One of the delights of my midlife has been to actively embrace the blooming beauty of gardening. As a teenager, walloping my ears with Wham on my Walkman, I’d sit in the garden watching my parents oooh and aaaah over an emerging blossom like a baby in a pram, rolling my eyes and thinking they were just weird.
Well, at 55 I’m now as weird as shit, although I also still have some sort of noise in my ears…. Not Wham, but usually a podcast to fill my politically nerdy head.
But it was not always so. When my marriage ended abruptly when I discovered my husband was gay and I realised the life I had build had actually been built on sand, our (now my) garden became the enemy. It had been his domain while I focused on building our home and you know, breeding. Despite having a father who always engineered a Spring splendour and a Summer of colour in our garden growing up, my head had been too invested in boys and books to take any lessons from him. The garden was an alien place I had no knowledge of.
When my ex-husband left, and I was left with a full home, three kids, a dog, two cats and a garden to manage alongside my freelance career as a campaign copywriter, I barely had room to think, let alone the bandwidth to figure out the seasonal servicing of a growing garden.
And grow it did. Things grew and crept and climbed until it became a part of my life I just ignored….literally too much to handle. I would go outside occasionally (because I actually loved being outside and loved being in a garden) but I just had no idea how to handle this weedy wizardry and I didn’t have a clue what to pull out, what to water and what to plant, so I’d retreat to a house that needed perpetual cleaning, defeated by it all.
I focused on my girls, I tried to keep my career on life support and I used whatever energy I had left to maintain the house, home and my body as best I could.
I was also angry. Angry at being abandoned to do it all, and angry that the abandoned garden kept growing in defiance, a constant reminder I wasn’t doing enough, wasn’t doing anything well enough, wasn’t a shiny happy mum with all her shit together as per the memo we got from social media and the wider social narrative. Angry that single parenting left me feeling I was living my life with one hand tied behind my back, and I hadn’t learned yet how to be the hand on my own back.
As the weeds and worries grew, there was less chance for the garden and me to bloom.
But we are resilient beings, us humans. Just like the nature around me. And gradually I started to rebuild (or regrow) my life. But the garden remained my nemesis. Until one day, a gift of kindness changed it all. My lovely neighbour came in to feed my cats while I was away and she did something that I will never forget. She saw what I needed and quietly, boldly gave it to me. (Aren’t those the gifts that give the most?)

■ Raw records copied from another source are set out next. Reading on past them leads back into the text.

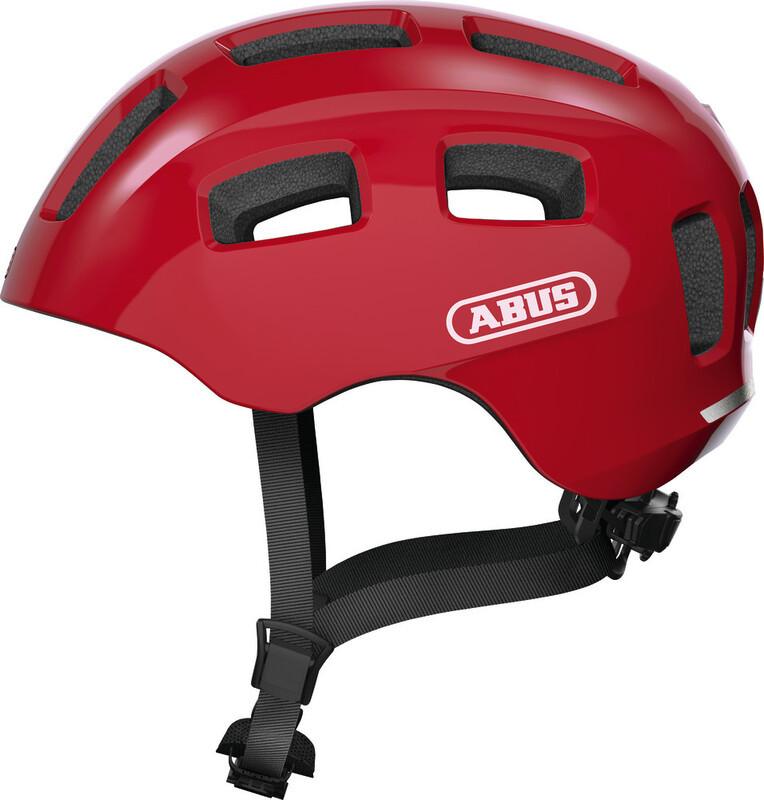Abus Youn-I 2.0 Helmet Youth, czerwony M | 52-57cm 2022 Kaski rowerowe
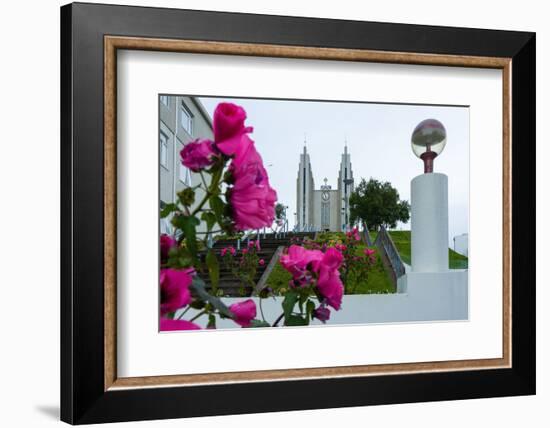 Church in Akureyri-Catharina Lux-Framed Photographic Print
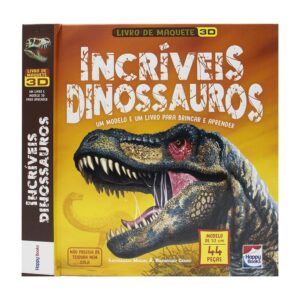 HAPPY BOOKS - LIVRO DE MAQUETE 3D - INCRIVEIS DINOSSAUROS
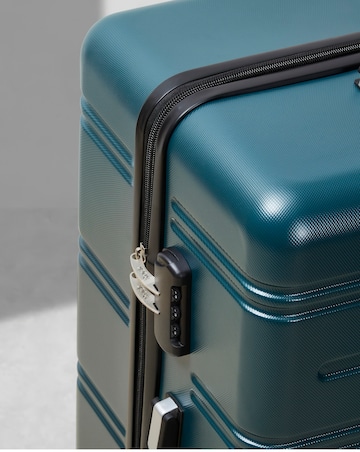 Rock Lisbon Large Suitcase - Pine Green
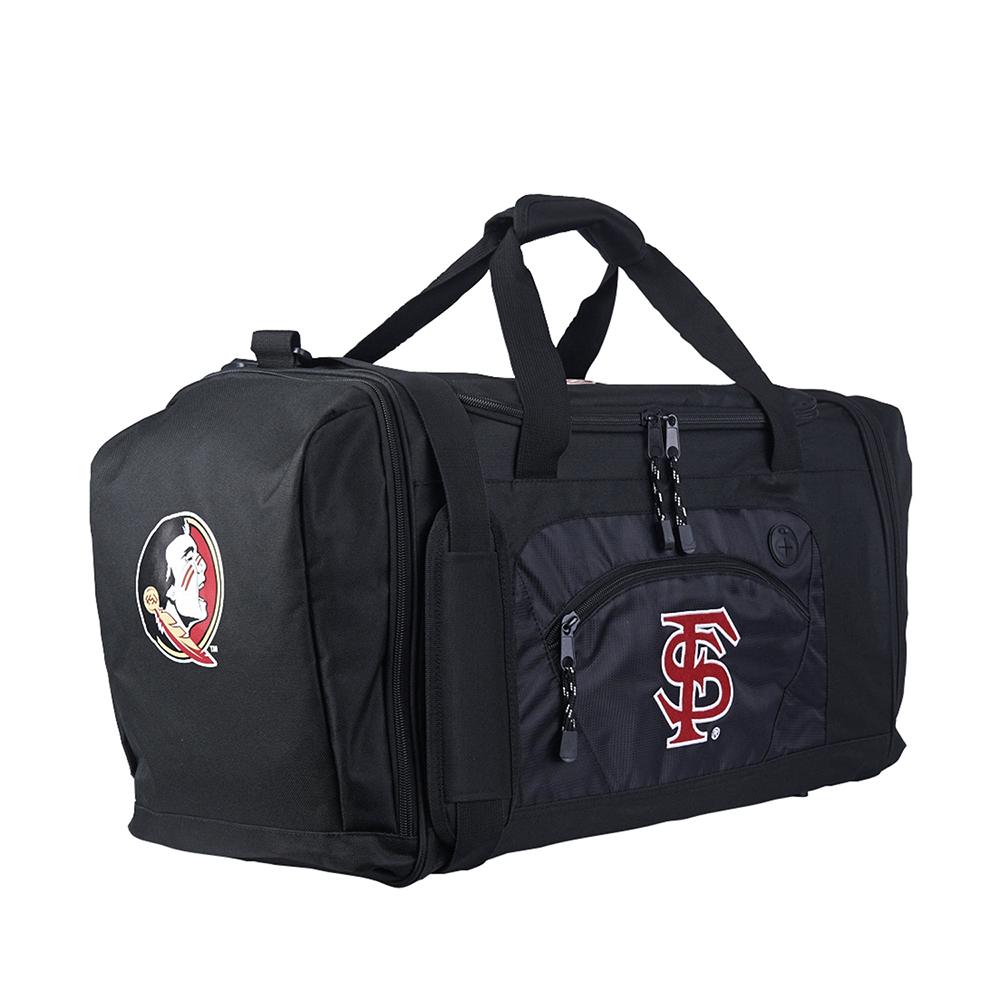 Florida State Seminoles Ncaa Roadblock Duffel Bag (black-black)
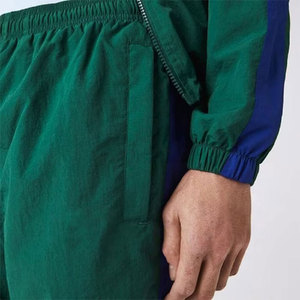 Pantalones Deportivos de Secado Rápido, Color Azul Gris, con Bloques de Color, Sudadera con Capucha y Cremallera, Pantalones Deportivos Transpirables de Cintura Elástica - Product Image 3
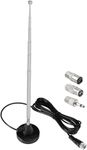 DAB FM Radio Antenna with Magnetic Base, DAB FM Radio Antenna Digital Telescopic Aerial with 3m Extension Cable for 75 Ohm DAB DAB+ FM Radio Home Stereo Receiver AV Audio Video Home Theater Receiver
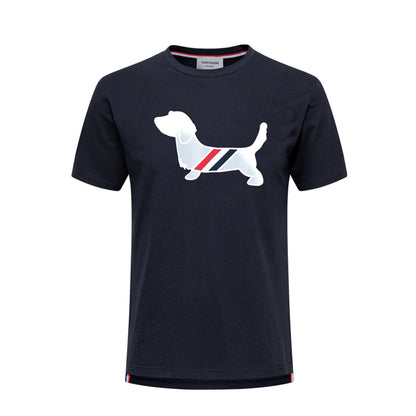 Puppy Embroidered Cotton T-Shirt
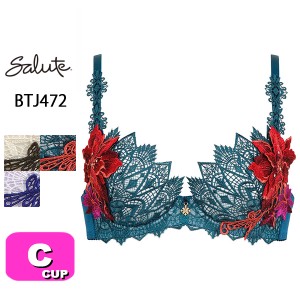 ワコール wacoal サルート salute BTJ472 72シリーズ ブラジャー 3/4カップブラジャー プッシュアップタイプ P-UP Cカップ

When I came home that Sunday and walked into my kitchen it took me a moment to see what had happened. She - and a gardener she used occasionally - had spent the weekend sorting out my garden. It is still one of the most important gifts of my life. They chopped and cleared, weeded and pruned until my little green space at the back of my house looked like it might just make it into a garden again. A place for my children to play in and me to sit in, in our new family form. A place to embrace us in nurturing nature.
And like my favourite childhood book - The Secret Garden - a treasure trove of beauty and possibility was revealed. My plum tree. An apple tree. She pointed out the plants that would bloom and the trees that would produce and I saw what it was. A place to grow myself and my fractured family back into a new shape.
She had given me another gift that weekend but I didn’t see it until the Spring when the bulbs she had planted started to emerge and colour popped up in pots that had long been neglected.
It was the start I needed. From that place I could now try to maintain it better. The next Spring I was rewarded with bulbs I had planted. My garden will never be one of those dainty, clean cut creatively cultivated visions. It is wild around the edges and wonderful in all it’s messy magnificence, a bit like my life. But it is vibrant, and colourful and the sun shines in it…. a bit like my life.
I pick plums from a tree. I pick apples to give to my neighbours. My dad helped me plant blackberries so the wild back (for bees, not just because it’s less space to mow) has purpose. Every spring I still go to a garden centre completely intimidated by my vast dearth of knowledge but pick up some plants and make it my own.
It is mine now. I spend a ridiculous amount of time in it just being, watching my cats try to catch flies and my girls will occasionally join me and we read, quietly, content in our patch of earth.
What was my hatred has become my heaven.
What was a symbol of my abandonment has become the sanctuary for my soul.
What was a force bigger than I could control has become a force of nature that nurtures me.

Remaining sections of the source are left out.